On Fri, 2012-06-01 at 11:23 +0100, Dario Faggioli wrote:
> On Fri, 2012-06-01 at 10:41 +0100, Ian Campbell wrote: 
> > > Mmm... Maybe this is still related to the fact that on all the test
> > > boxes I've used, libxl_get_max_cpus() returns something higher than the
> > > actual physical CPU count of those boxes themselves, but I just created
> > > an 18 VCPUs VM on my 16 PCPUs test machine... I take the above like you
> > > can't, can you?
> > 
> > I think libxl_get_max_cpus and/or libxl_cpumap_alloc involved some
> > amount of rounding up, if you tried to create a 33 vcpu guest on that
> > machine (or a machine with <= 32 cpus) it may not work...
> > 
> It does:
> 
>     max_cpus = libxl_get_max_cpus(ctx);
>     if (max_cpus == 0)
>         return ERROR_FAIL;
> 
>     sz = (max_cpus + 7) / 8;
> 
> So in my case it should be 16 + 7 = 23 / 8 = 2 ... Right?

Yeah, it seems we do this at byte rather than word granularity like I
first thought.

>  Then we have:
> 
>     cpumap->map = calloc(sz, sizeof(*cpumap->map));
> 
> Which make me thinking I'm getting a 2 elements uint8_t array for
> storing the cpumap (please correct me if I'm wrong, I frequently am when
> it comes to math! :-P). That's way I wasn't expecting to be able to
> exceed 16 VCPUs.
> 
> Anyway, I just tried 25 and 33 and 65, and creation of the domain worked
> without raising any errors! Then I double-checked, and saw that, in the
> 'above 16' cases, Xen deliberately paused a lot of VCPUs. Also, if I log
> into the guest /proc/cpuinfo reports only CPUs 0 and 32 (and 64 in the
> 65 VCPUs case).

All 64 online?

It might be that the issue being fixed here only manifests on HVM. I'm
not really sure how 64 would work otherwise since cur_vcpus in the IDL
is definitely an int, which is what needs fixing!

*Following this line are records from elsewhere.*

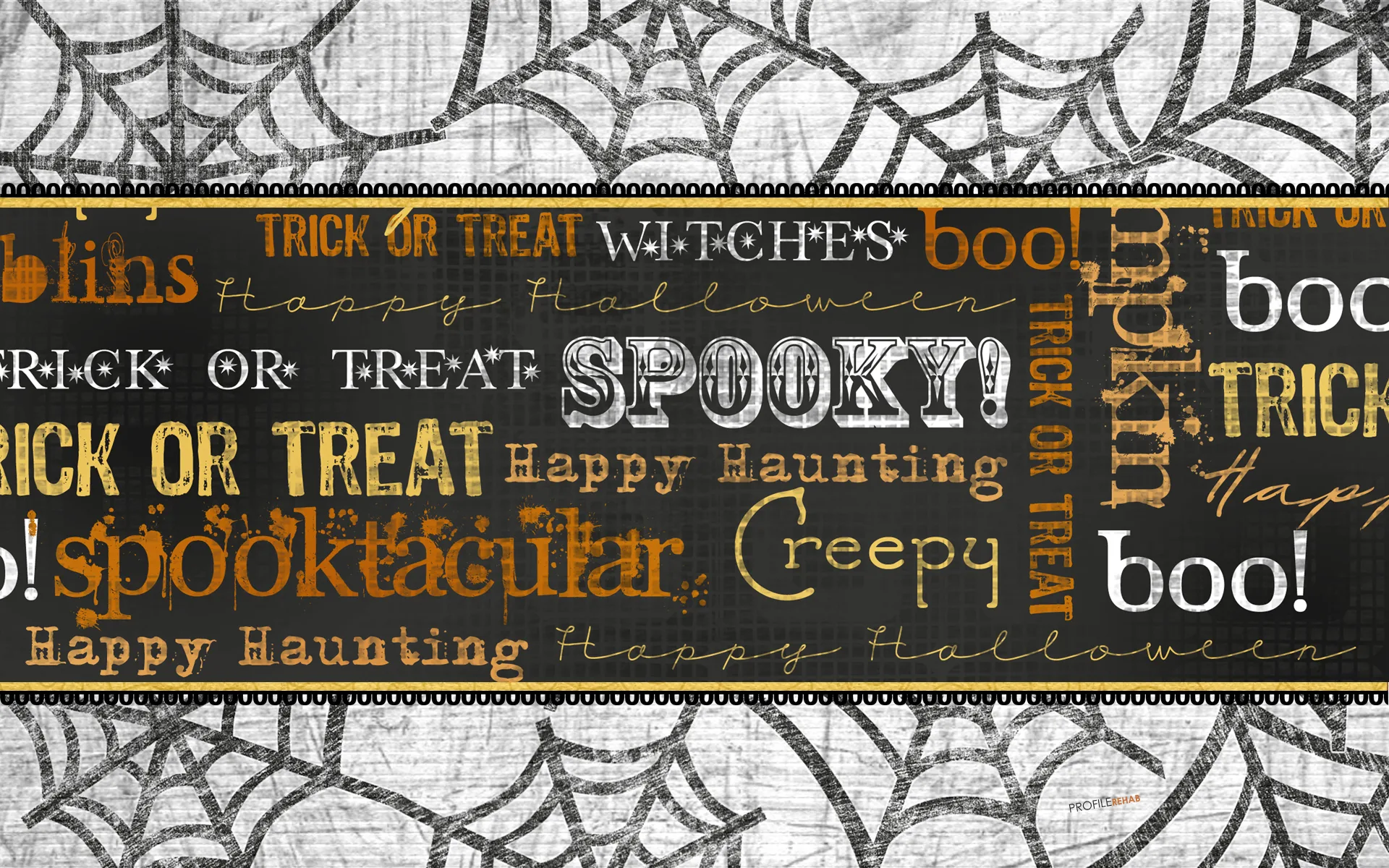 Spiderweb Halloween Wallpaper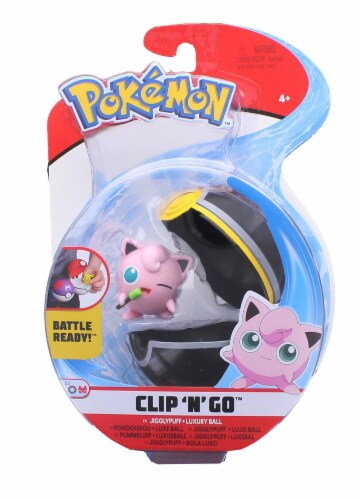 Pokemon Clip N Go Poke Ball Set | 2 Inch Jigglypuff & Luxury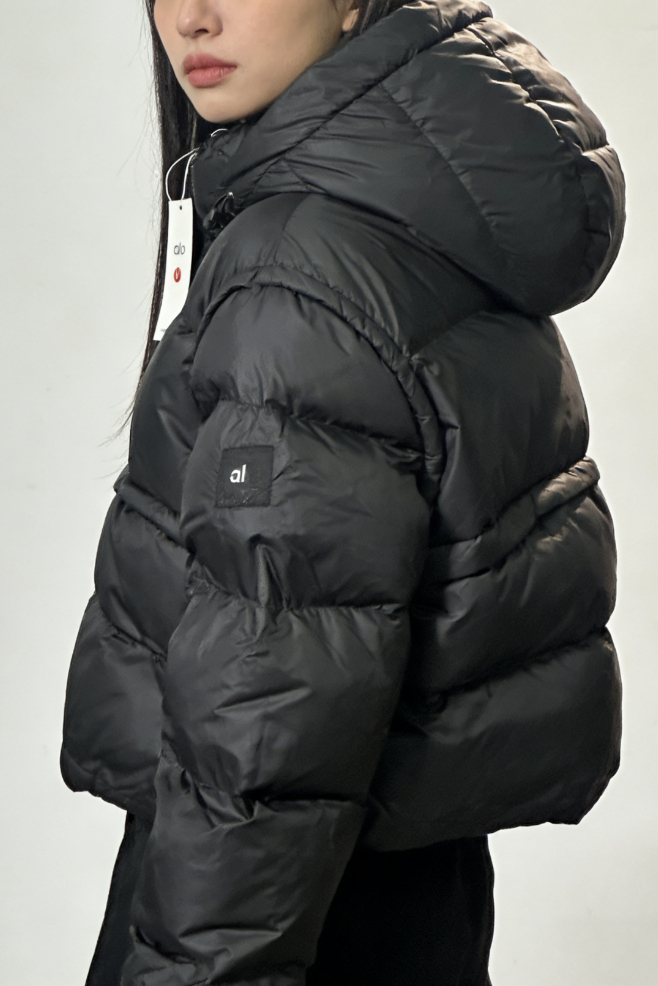 Women jacket Down Puffer Jackets Coats Designer Yoga Jacket P Unisex Long Sleeve Zipper Letter Winter Hood Puffer Jacket Water- Finish Parkas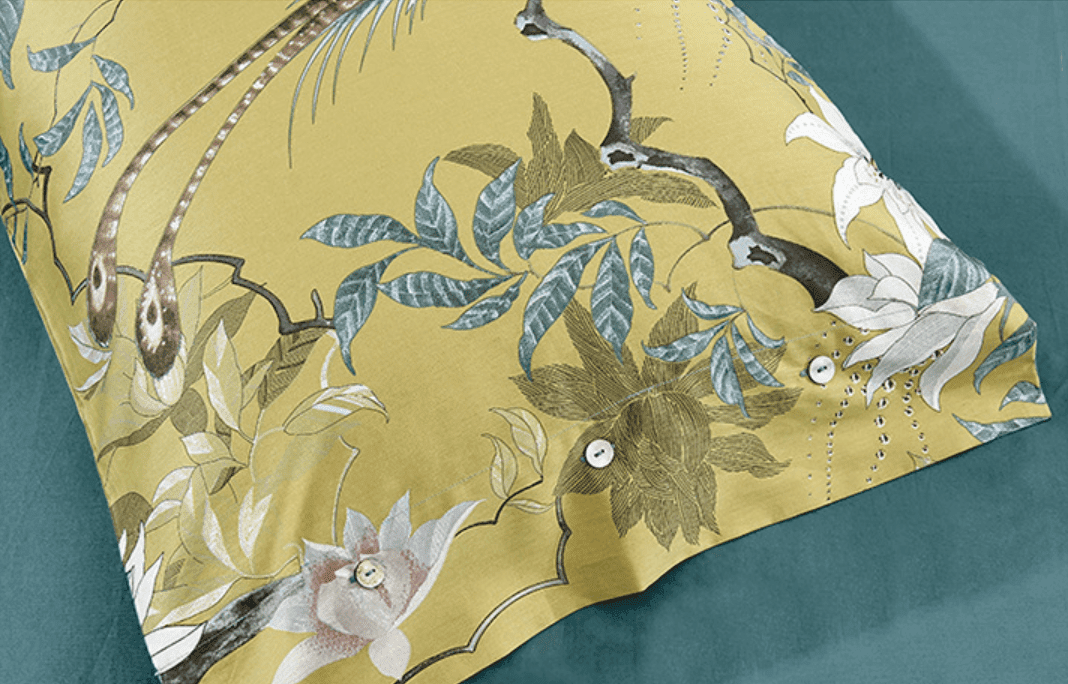 išskirtinis satino patalynės užvalkalų komplektas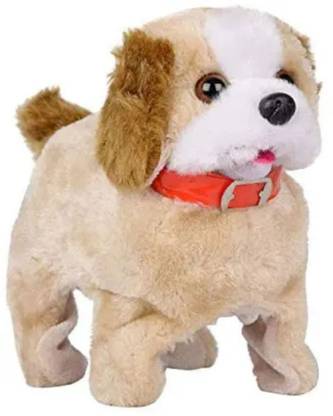 LIBRA Battery Operated Dog Fantastic Jumping Walking Barking & Jumping Puppy That Flips Over Toy  - 27.94 cm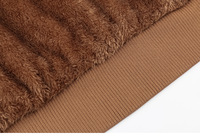 Veste d'hiver thermique épaisse pour homme OEM avec plusieurs poches, fermeture éclair sur le devant, doublure en polaire, veste cargo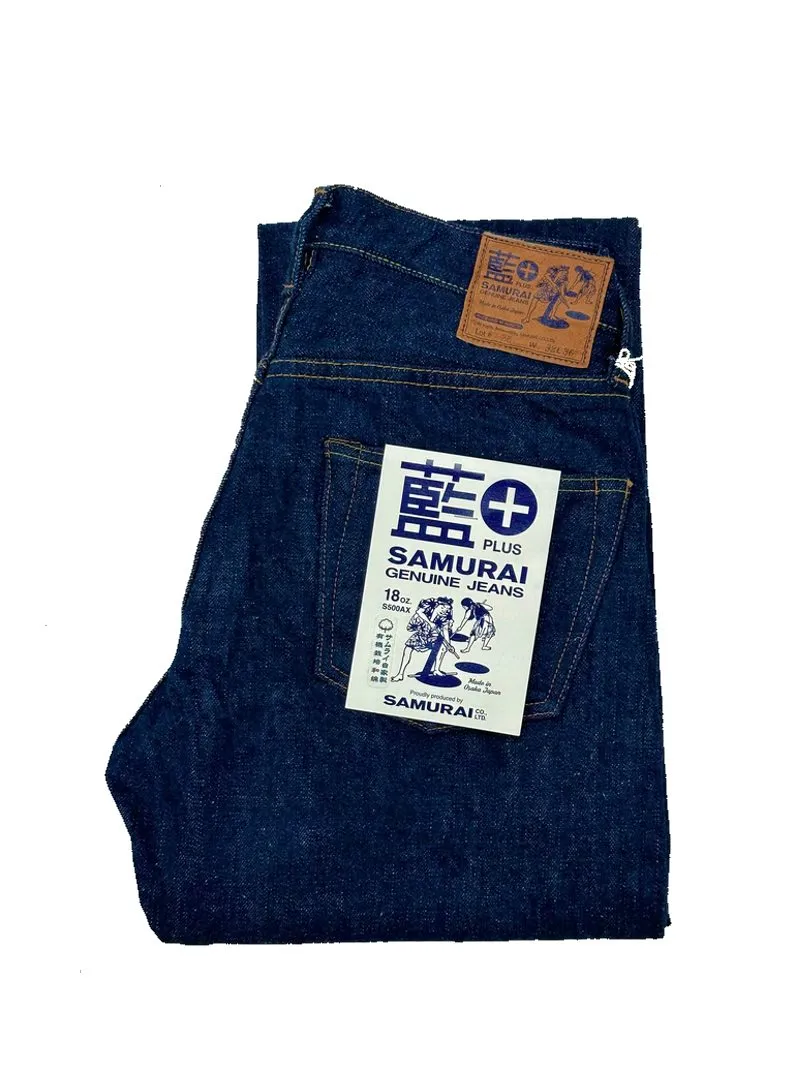 Samurai Jeans S500AX Straight Indigo Selvedge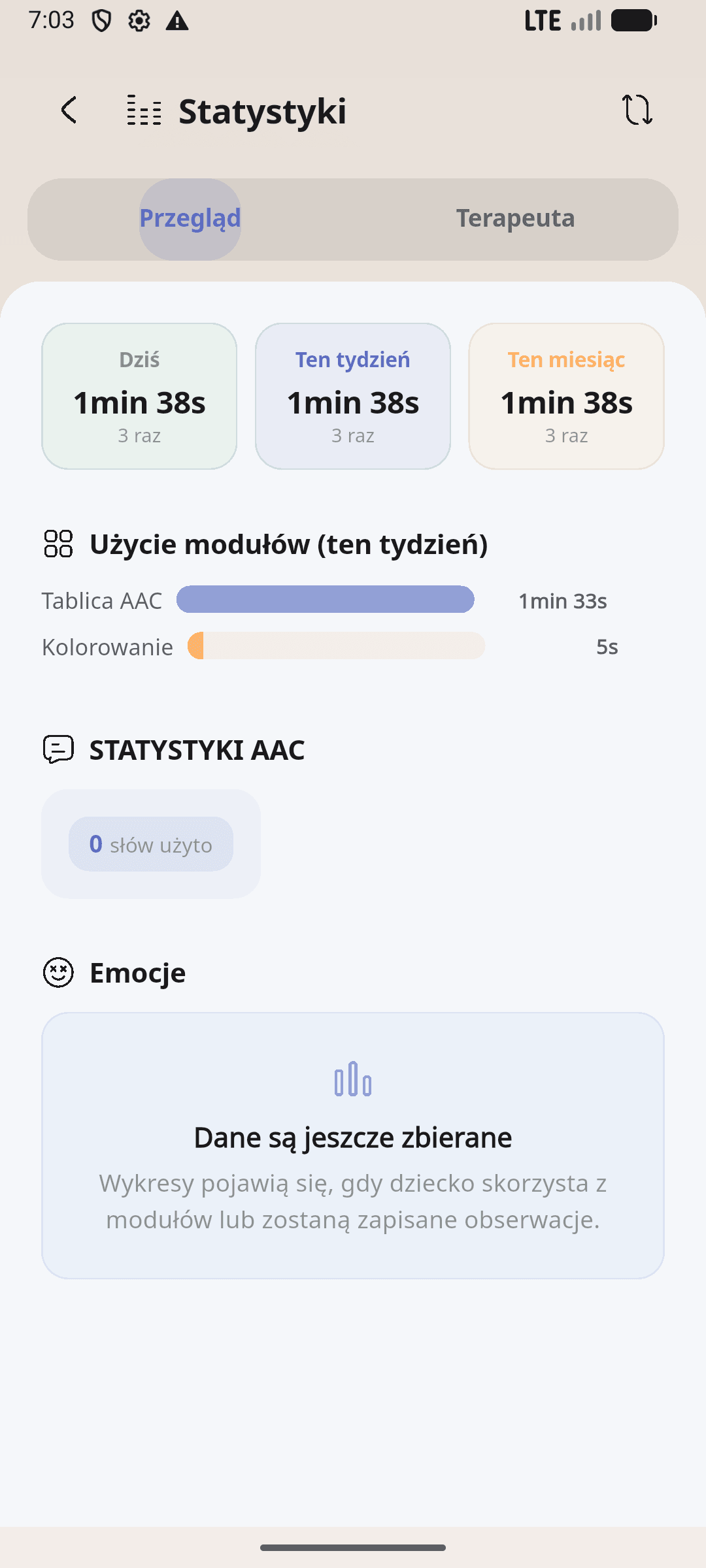 Strefa rodzica screenshot 2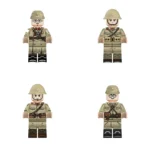 Imperial Japanese Army (IJA) Military Set WWII - Custom Printed Brick Block Figure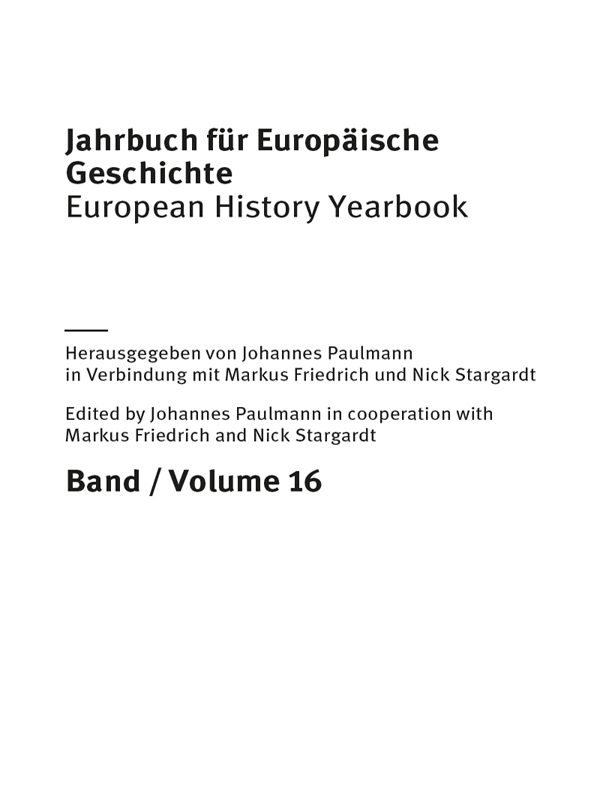 Herausgegeben am Leibniz-Institut fr Europische Geschichte von Johannes - photo 1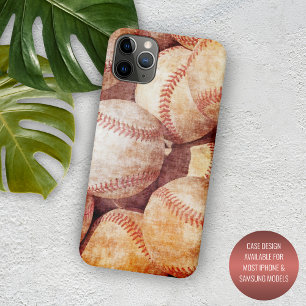 Grunge Dirty  Worn Baseball Sport Balls iPhone 11 Pro Max Hoesje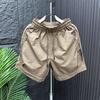 Summer Thin Shorts Elastic Waist Adjustable Drawstring Cargo Shorts Quick Drying Solid Color Casual Shorts with Pockets
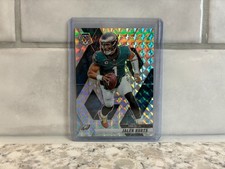 2025 Mosaic Football - Silver Mosaic Prizm - Jalen Hurts Eagles # 1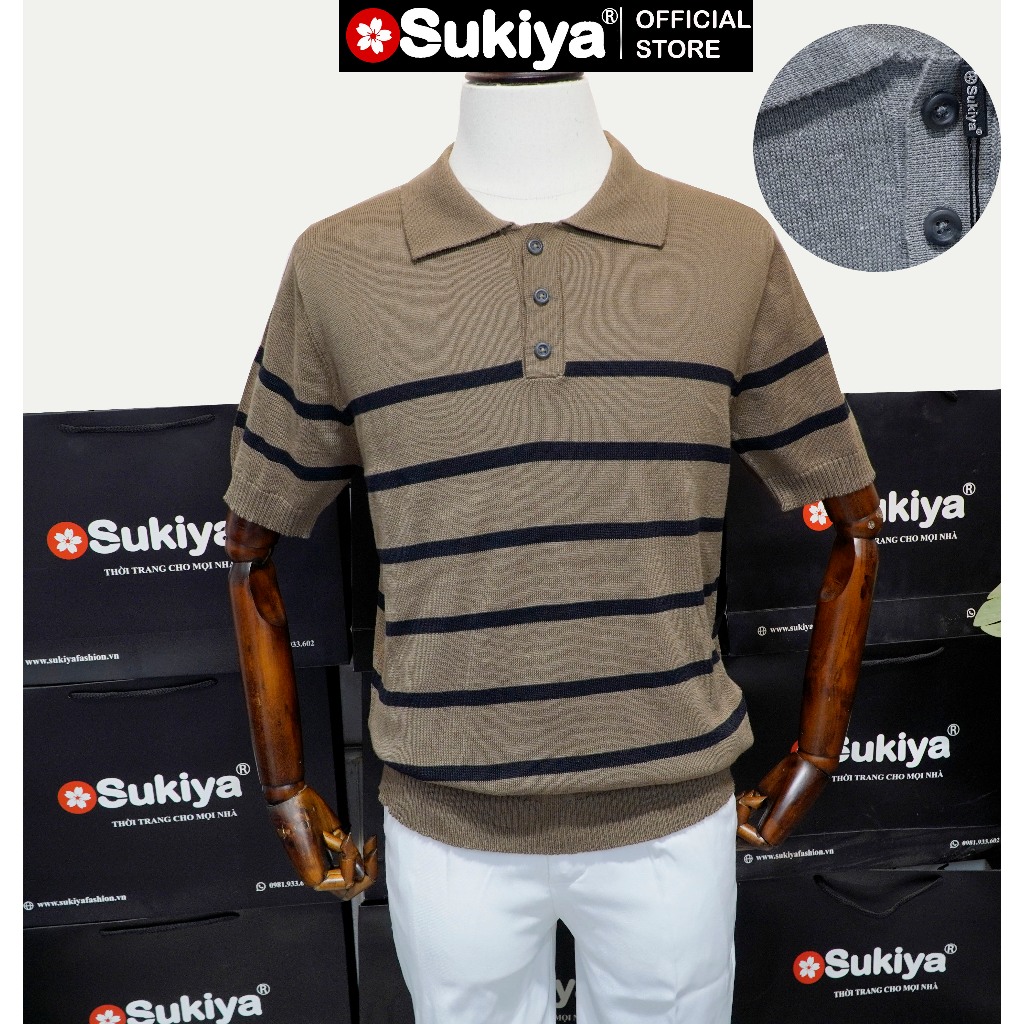 Ảnh Áo Polo Dệt Kim Nam Basic SUKIYA Cao Cấp Kiểu Dáng Sang Trọng Lịch Sự AL74 4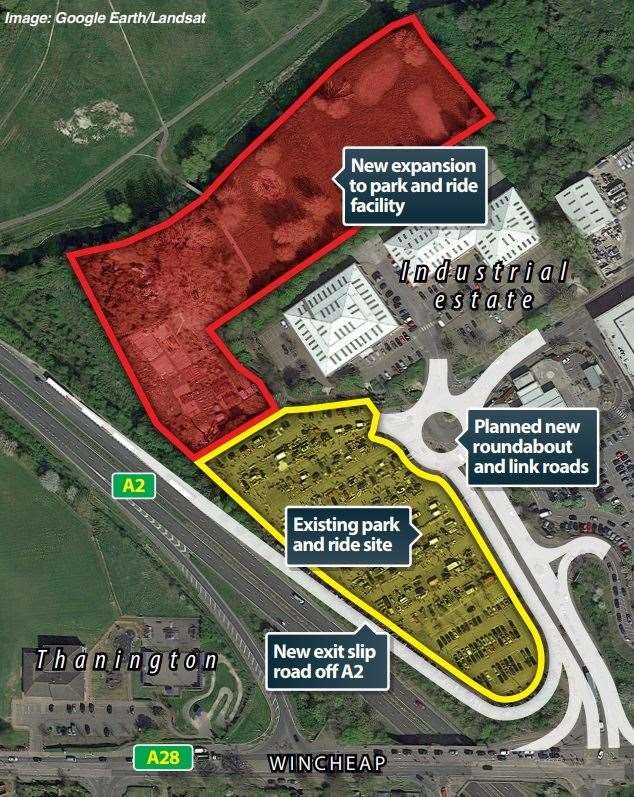 How the park and ride plan and new slip road would have worked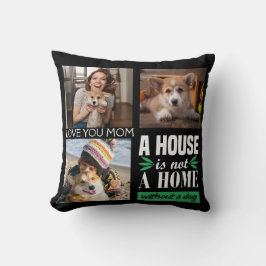 ラブユマカスタムム引用文と3枚の写真コラージュ クッション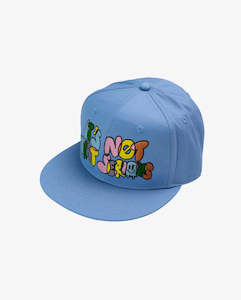 Clothing wholesaling: THE COLLECTIBLES | Blue It's Not That Serious Hip Hop Cap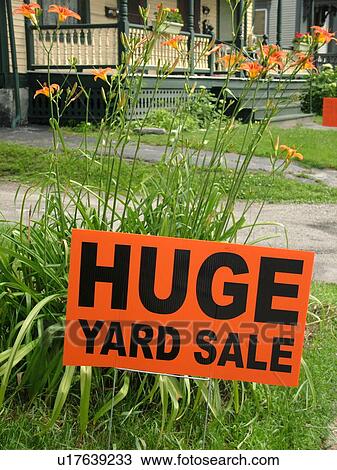 Stock Image -  Huge Yard Sale sign. Fotosearch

libxl__build_post is also probably buggy with max_vcpus >
nr-bits-in(curr_vcpus) and from the looks of it it just overflows off
the end(!), which is also fixed here...

> To conclude, I'm not sure what's going on, but I don't think is
> something we would want... :-/ 
> 
> > > Maybe it is that *_max_cpus() logic that needs some attention? :-O
> > 
> > max_cpus returns the max number of physical cpus, and I think it does so
> > correctly (perhaps with some slop at the top end). 
> >
> As we also saw in another thread, it seems to return the max_cpu_id+1,
> which is different from the number of physical CPUs (at least in my
> case). And in fact, I'm sure it returns 64 on my box. However, that does
> not appear to be the main issue here, as creation seem to succeed no
> matter how much VCPUs I ask for, but then a number of them are off. :-O
> 
> If that is a known/documented behaviour, fine, I just haven't found it.
> Otherwise, perhaps I can investigate a bit what's going on, if that is
> considered interesting...
> 
> > In some cases we want
> > to talk about virtual cpus and this change lets us size cpumap's of
> > virtual cpus more appropriately (be that larger or smaller than the
> > number of physical cpus).
> > 
> I have no argument against this. As I tried to explain, I thought
> 
> /* get max. number of cpus supported by hypervisor */
> int libxl_get_max_cpus(libxl_ctx *ctx);
> 
> "max. number of cpus supported by hypervisor" to be different from the
> actual number of physical processors, and I was sort-of mislead by the
> machine I use to test Xen every day (where that is actually happening!).
> If it is not like that, I guess I can agree with you on this change.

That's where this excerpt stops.